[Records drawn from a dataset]
────────────────
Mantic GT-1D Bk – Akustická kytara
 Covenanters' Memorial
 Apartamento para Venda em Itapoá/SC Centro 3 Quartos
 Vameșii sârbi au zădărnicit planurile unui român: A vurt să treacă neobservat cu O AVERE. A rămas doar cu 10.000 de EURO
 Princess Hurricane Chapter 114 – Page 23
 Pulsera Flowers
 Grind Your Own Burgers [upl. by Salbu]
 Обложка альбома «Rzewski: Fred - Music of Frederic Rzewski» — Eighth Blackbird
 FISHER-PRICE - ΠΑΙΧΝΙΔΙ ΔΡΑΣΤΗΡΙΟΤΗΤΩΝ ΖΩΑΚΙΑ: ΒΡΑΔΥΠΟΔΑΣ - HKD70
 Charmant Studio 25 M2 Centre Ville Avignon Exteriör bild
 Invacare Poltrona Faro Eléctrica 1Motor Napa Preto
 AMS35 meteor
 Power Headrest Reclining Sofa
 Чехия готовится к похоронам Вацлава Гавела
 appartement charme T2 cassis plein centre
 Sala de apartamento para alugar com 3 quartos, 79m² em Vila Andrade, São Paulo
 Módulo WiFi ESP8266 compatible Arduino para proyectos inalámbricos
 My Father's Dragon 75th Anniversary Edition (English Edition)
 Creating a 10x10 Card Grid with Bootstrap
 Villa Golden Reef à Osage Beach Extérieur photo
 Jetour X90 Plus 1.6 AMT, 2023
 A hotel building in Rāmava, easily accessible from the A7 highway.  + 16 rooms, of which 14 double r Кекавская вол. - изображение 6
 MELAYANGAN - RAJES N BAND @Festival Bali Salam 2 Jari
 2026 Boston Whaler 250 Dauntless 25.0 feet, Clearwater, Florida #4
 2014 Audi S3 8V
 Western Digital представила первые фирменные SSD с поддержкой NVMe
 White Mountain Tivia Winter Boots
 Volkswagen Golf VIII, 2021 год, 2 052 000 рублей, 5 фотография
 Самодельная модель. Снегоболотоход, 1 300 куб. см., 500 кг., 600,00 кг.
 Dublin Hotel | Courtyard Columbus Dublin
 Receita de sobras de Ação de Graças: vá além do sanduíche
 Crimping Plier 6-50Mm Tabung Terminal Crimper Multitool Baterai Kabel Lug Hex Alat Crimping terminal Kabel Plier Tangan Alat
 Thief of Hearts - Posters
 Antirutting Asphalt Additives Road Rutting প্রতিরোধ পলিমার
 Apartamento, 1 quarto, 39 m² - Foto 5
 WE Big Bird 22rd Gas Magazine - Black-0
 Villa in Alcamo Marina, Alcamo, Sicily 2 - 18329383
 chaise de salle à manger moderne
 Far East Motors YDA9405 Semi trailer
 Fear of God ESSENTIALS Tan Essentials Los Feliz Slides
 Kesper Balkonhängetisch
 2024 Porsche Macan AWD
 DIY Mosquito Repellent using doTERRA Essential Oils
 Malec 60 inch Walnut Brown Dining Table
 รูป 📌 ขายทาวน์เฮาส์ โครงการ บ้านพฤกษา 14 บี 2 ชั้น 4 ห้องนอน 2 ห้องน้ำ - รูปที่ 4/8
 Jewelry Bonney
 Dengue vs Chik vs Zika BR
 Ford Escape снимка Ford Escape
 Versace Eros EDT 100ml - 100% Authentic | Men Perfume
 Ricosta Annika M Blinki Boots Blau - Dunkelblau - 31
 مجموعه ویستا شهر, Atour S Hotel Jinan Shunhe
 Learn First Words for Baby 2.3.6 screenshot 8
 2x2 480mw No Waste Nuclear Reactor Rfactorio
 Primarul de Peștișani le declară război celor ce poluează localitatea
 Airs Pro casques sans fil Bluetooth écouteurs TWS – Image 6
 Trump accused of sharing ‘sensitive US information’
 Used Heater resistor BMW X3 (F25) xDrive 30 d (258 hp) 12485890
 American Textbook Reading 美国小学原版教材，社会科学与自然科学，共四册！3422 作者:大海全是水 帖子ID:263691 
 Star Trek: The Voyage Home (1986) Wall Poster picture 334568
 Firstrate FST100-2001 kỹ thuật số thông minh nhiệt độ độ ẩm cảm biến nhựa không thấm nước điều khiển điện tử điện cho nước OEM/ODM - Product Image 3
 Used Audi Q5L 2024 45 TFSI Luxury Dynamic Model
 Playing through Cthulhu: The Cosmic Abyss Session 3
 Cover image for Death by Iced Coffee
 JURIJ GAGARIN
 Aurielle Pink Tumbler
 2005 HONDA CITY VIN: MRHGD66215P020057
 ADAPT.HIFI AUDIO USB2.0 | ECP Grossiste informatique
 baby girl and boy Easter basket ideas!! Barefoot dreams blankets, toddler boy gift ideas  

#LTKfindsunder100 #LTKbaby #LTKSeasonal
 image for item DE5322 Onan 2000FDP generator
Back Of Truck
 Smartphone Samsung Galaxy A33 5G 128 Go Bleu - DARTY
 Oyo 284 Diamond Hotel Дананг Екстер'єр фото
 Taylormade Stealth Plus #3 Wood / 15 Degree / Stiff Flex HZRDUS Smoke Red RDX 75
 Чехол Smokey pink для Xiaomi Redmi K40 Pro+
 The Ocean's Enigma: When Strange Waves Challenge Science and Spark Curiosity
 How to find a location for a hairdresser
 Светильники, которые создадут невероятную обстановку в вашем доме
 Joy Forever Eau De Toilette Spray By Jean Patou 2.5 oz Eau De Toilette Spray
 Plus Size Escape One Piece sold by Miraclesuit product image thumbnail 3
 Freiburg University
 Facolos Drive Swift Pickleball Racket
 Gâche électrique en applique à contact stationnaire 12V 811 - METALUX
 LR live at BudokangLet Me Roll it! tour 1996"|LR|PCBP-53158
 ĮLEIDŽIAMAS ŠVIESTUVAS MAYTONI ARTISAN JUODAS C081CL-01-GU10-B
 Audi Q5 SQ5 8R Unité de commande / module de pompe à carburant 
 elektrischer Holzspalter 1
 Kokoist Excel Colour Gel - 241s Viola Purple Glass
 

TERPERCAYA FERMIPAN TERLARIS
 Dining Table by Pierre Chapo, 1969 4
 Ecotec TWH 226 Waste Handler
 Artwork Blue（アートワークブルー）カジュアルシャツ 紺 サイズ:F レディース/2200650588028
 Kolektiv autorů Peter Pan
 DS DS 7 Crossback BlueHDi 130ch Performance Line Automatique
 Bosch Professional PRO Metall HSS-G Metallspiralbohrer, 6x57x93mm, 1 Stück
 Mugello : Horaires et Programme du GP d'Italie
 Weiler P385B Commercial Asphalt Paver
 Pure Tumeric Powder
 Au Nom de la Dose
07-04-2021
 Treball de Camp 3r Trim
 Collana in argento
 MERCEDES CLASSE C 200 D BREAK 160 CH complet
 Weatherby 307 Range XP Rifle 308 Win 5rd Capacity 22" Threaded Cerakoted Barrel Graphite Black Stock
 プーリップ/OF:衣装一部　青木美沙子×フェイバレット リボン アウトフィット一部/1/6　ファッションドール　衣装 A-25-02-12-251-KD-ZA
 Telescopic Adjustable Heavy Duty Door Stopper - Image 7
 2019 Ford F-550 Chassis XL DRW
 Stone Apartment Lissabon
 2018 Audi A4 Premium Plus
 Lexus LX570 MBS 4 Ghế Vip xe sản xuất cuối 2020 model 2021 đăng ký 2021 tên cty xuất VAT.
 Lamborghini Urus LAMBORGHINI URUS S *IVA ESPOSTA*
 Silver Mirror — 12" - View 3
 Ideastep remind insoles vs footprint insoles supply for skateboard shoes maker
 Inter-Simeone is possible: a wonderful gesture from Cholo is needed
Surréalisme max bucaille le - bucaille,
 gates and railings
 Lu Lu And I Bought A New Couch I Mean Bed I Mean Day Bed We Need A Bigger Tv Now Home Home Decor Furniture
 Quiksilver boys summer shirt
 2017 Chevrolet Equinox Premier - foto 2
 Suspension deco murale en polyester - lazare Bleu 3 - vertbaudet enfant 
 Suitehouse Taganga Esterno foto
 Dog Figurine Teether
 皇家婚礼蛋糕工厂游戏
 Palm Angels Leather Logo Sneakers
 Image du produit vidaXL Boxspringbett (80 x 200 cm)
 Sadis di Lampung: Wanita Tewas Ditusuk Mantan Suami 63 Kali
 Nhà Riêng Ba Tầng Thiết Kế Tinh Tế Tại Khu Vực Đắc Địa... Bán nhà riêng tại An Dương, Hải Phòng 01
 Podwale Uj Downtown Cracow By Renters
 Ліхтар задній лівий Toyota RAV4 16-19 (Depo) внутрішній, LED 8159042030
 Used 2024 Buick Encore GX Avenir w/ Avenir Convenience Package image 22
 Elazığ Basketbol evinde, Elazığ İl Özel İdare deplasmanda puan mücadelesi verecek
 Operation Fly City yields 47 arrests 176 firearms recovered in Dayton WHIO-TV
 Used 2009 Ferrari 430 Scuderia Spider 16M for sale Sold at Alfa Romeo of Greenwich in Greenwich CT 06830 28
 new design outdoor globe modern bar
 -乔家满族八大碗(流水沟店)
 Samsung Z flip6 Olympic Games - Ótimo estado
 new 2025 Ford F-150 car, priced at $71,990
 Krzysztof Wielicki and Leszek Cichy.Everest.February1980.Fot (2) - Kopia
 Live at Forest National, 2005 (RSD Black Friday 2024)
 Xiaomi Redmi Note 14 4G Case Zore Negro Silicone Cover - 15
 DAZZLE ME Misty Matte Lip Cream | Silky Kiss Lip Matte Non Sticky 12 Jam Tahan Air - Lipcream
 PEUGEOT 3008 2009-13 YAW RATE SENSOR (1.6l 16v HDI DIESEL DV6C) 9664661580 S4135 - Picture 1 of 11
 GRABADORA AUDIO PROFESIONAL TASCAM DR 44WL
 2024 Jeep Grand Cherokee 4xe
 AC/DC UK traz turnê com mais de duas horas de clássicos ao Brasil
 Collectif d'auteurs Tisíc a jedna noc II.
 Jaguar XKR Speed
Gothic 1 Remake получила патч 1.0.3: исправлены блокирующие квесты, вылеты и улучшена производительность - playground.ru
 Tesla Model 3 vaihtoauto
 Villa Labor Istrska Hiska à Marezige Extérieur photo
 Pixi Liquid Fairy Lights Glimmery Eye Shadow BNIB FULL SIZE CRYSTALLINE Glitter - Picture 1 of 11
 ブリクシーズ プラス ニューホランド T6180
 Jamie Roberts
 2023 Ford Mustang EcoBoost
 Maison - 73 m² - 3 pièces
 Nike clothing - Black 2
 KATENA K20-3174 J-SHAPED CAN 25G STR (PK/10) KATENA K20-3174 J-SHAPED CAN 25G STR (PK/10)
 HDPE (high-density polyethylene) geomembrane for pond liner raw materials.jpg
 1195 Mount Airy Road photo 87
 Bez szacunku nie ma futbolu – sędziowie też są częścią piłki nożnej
────────────────
**Requirement:** Look above for the line with "Weatherby 307 Range" and the line with "Palm Angels Leather Logo Sneakers". Retype those two lines and every line between them exactly, adding nothing.

**Expected answer:**
 Weatherby 307 Range XP Rifle 308 Win 5rd Capacity 22" Threaded Cerakoted Barrel Graphite Black Stock
 プーリップ/OF:衣装一部　青木美沙子×フェイバレット リボン アウトフィット一部/1/6　ファッションドール　衣装 A-25-02-12-251-KD-ZA
 Telescopic Adjustable Heavy Duty Door Stopper - Image 7
 2019 Ford F-550 Chassis XL DRW
 Stone Apartment Lissabon
 2018 Audi A4 Premium Plus
 Lexus LX570 MBS 4 Ghế Vip xe sản xuất cuối 2020 model 2021 đăng ký 2021 tên cty xuất VAT.
 Lamborghini Urus LAMBORGHINI URUS S *IVA ESPOSTA*
 Silver Mirror — 12" - View 3
 Ideastep remind insoles vs footprint insoles supply for skateboard shoes maker
 Inter-Simeone is possible: a wonderful gesture from Cholo is needed
Surréalisme max bucaille le - bucaille,
 gates and railings
 Lu Lu And I Bought A New Couch I Mean Bed I Mean Day Bed We Need A Bigger Tv Now Home Home Decor Furniture
 Quiksilver boys summer shirt
 2017 Chevrolet Equinox Premier - foto 2
 Suspension deco murale en polyester - lazare Bleu 3 - vertbaudet enfant 
 Suitehouse Taganga Esterno foto
 Dog Figurine Teether
 皇家婚礼蛋糕工厂游戏
 Palm Angels Leather Logo Sneakers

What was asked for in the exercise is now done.